Mastodawn

Dr. Moritz Lehmann Nov 1, 2023

I've always wondered how much VRAM bandwidth games and applications pull - other tools don't tell you that. So I've written a program that can query/measure it, and properly visualize in CMD! 🖖 🧐
So far it works on Windows with Intel (IGCL) and Nvidia (NVML) #GPUs. Here is Intel i7-8700K and Arc A750 running the game Planetside 2. Cyberpunk is ~60GB/s without and ~100GB/s with #raytracing.

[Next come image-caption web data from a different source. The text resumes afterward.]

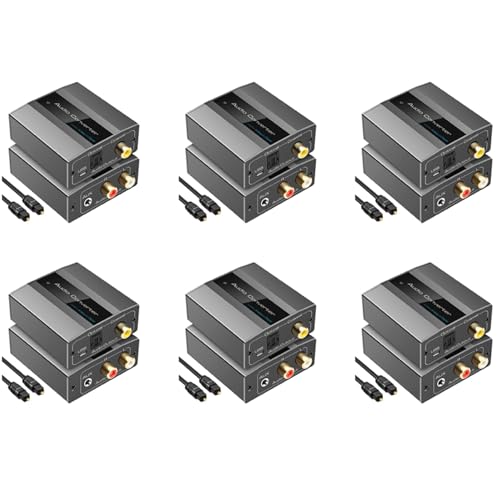 Jialouboo 6 x Analog-zu-Digital-Audio-Konverter zu optisch mit optischem Kabel, Audio-Digital-Toslink- und Koaxial-Audio-Adapter von Jialouboo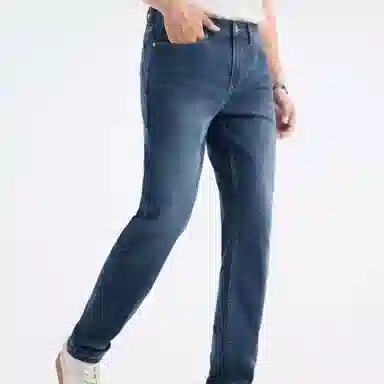 九牧王男裤专家 新凉感系列 百搭舒适微弹修身牛仔裤 男款 藏青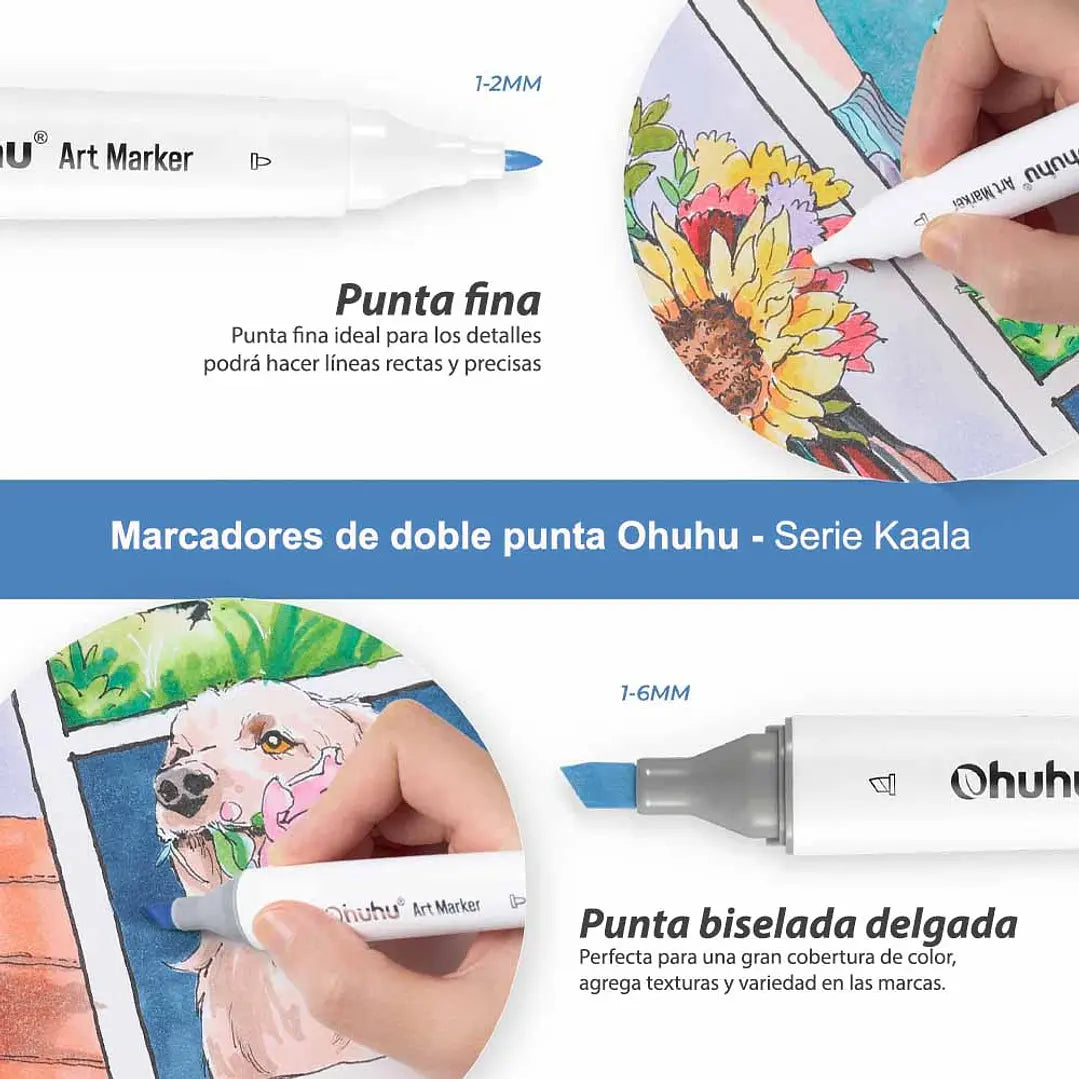 KAALA 24 MARCADORES DE ALCOHOL TONOS BÁSICOS OHUHU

Dr. Moritz Lehmann Jan 13, 2024

My hw-smi program now has partial #Linux support! Still a lot of work to do. 🖖🧐
____________ | Windows | Linux |
CPU / RAM | ✅ | ✅ |
Nvidia GPU | ✅ | ✅ |
Intel GPU | ✅ | 🚧 |
AMD GPU | 🚧 | 🚧 |

Dr. Moritz Lehmann Mar 16

Finally getting back to this fun side project - a portable, universally compatible #CPU / #GPU telemetry monitor. Only #Linux support for #Intel remaining
#AMD's AMDSMI is an adventure - they have 3 API calls to get the PCIe throughput, and 2 to get the max VRAM bandwidth - none of which work 🖖🤯
____________ | Windows | Linux |
CPU / RAM | ✅️ | ✅️ |
Nvidia GPU | ✅️ | ✅️ |
Intel GPU | ✅️ | 🚧 |
AMD GPU | ✅️ | ✅️ |

Dr. Moritz Lehmann 5d ago

Finally Intel #GPU support on Linux too. Watch all the metrics go brrr in multi-GPU #FluidX3D #CFD workload! Will #opensource soon™️

Hardening against the myriads of broken counters in all those bugged APIs was a long shot. 🖖🫠

____________ | Windows | #Linux |
CPU / RAM | ✅️️WinAPI | ✅️️/proc |
#Nvidia GPU | ✅️️NVML | ✅️️NVML |
#Intel GPU | ✅IGCL | ✅SYSMAN |
#AMD GPU | ✅️️️️ADLX | ✅️️️️AMDSMI |

Wulfy—Speaker to the machines 8h ago

Dr. Moritz Lehmann

It's done and #opensourced on #GitHub! 🖖🥳
https://github.com/ProjectPhysX/hw-smi

A minimal, cross-compatible #CPU/#GPU telemetry monitor with accurate data directly from vendor APIs and beautiful ASCII visualization.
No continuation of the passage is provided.